Works by Tertis, Bowen, Brahms, Bridge, Schumann, Vaughan Williams et al (trans. Tertis et al)
Timothy Ridout (viola), Frank Dupree, James Baillieu (piano)
Harmonia Mundi HMM905376.77 128:00 mins (2 discs)
If violists owe Lionel Tertis an inescapable debt of gratitude, with this release Timothy Ridout repays those dues handsomely. Inspired by the violinist Fritz Kreisler – and arguably doing for the viola what his contemporary Casals, also born in 1876, was accomplishing for the cello – Tertis set about raising the instrument’s profile, in the process tackling the problem of solo repertoire head-on through commissioning, composing, and arranging. Self-taught and a latecomer (he didn’t take up the instrument until he was 19), Tertis’s achievement is roundly celebrated across two discs, each with a stand-out pianist.
Bookending the tribute are two landmark sonatas: one premiered in 1905 and dedicated to Tertis by the young York Bowen, the other by Tertis’s sometime pupil Rebecca Clarke, who composed it at the end of the First World War. Other original compositions include Frank Bridge’s haunted Pensiero and a substantial, big-boned Rhapsody by Elgar’s friend and confidant WH Reed. Then there’s First Meeting: Souvenir, Eric Coates’s tender pen portrait performed in a new transcription by conductor John Wilson – who restores the original key, thereby accentuating its smouldering, dark-hued nostalgia.

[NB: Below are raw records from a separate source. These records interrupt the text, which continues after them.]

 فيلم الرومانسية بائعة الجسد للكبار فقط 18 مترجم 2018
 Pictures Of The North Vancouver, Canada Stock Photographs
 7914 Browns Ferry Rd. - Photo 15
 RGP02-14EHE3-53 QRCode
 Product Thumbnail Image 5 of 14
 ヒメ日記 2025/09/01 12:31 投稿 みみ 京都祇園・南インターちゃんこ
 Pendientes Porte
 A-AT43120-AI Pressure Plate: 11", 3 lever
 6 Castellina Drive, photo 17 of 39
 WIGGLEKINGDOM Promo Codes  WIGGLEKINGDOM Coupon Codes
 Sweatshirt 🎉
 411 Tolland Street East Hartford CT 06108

A few interlopers aside, the programme in effect takes the temperature of early 20th-century English chamber music, admitting miniatures by Wolstenholme and Tertis to broaden the scope. Toothsome arrangements muster an affectionate, schmaltz-light account of Kreisler’s Liebesleid ahead of a stylish performance of Praeludium & Allegro – a flamboyant injection of Baroque ‘pasticherie’ to end disc one on an ebullient note.

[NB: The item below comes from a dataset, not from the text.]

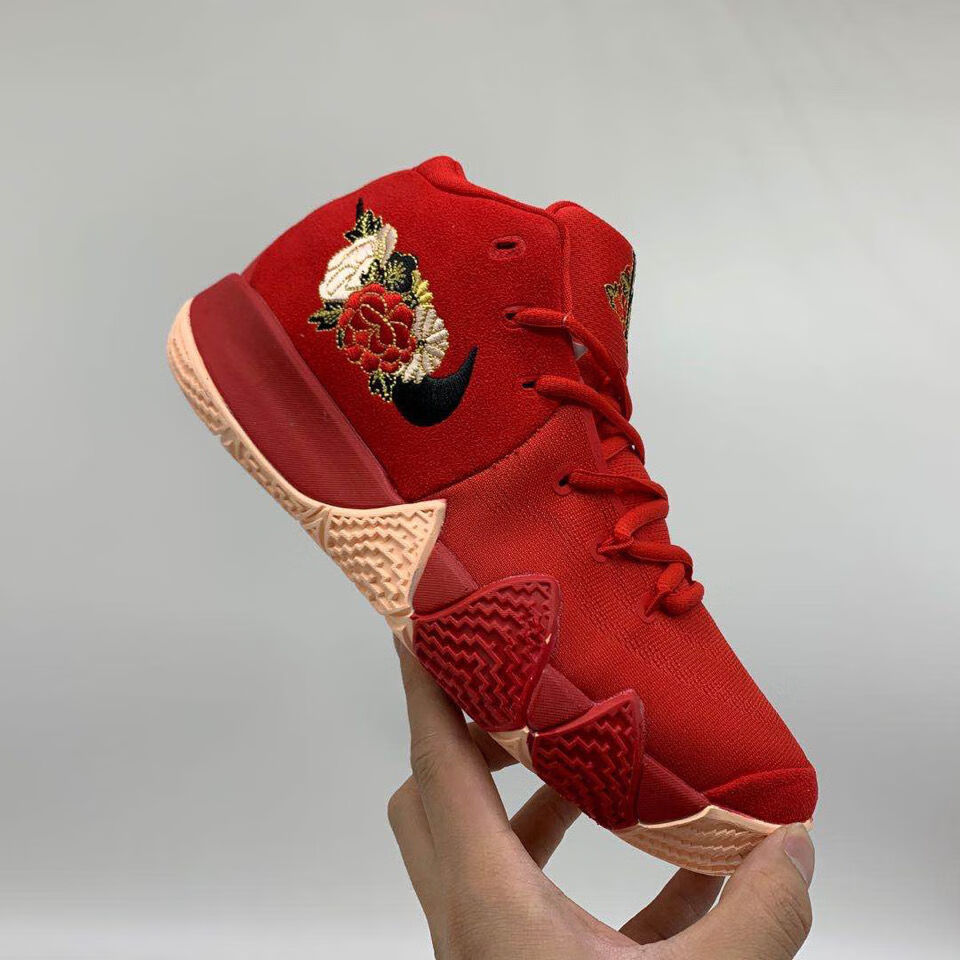 花卉)实战耐磨篮球鞋 42【图片 价格 品牌 报价】-京东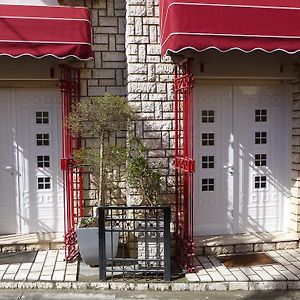 Duplex Appartement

Irresistible, too, is the stoic nobility conjured by Fauré’s Elégie, in which Ridout’s colours are wonderfully nuanced, and his careful restraint allows Frank Dupree’s pianism to shine with translucent luminosity at the start of the middle section.
The two sonatas, however, steal the show, Ridout surrendering to their indefatigable underpinning volatility. And together with Frank Dupree in the Bowen, and James Baillieu who shoulders the Rebecca Clarke, Ridout nurtures readings that seethe with fiery, dramatic insight, voluptuous passion and ear-grabbing empathy.
C minor turbulence is met with protean resolve as Bowen, fresh out of music college and filled with the intoxicated ardour of a young composer flexing his muscles, makes bedfellows of Grieg, Brahms and Elgar, as he wrestles to forge his own voice. In the Finale – broached with unstoppable aplomb by Ridout and Dupree – the music husbands its most intense resources for a passage resolutely marked fff molto vibrato. Rebecca Clarke, meanwhile, whips up a scherzoof impishly teasing vivacity; and while never losing sight of the bigger picture, Ridout and Baillieu boldly interrogate every shifting refinement of the first movement’s complex skein of introspection, ruggedness and gossamer solo asides.
From imposing sonatas to salon bonbons, these recordings constitute a deft salute not just to Tertis the man and multi-faceted musician, but also to his enduring legacy which lives on in distinguished successors – not least among them Timothy Ridout himself.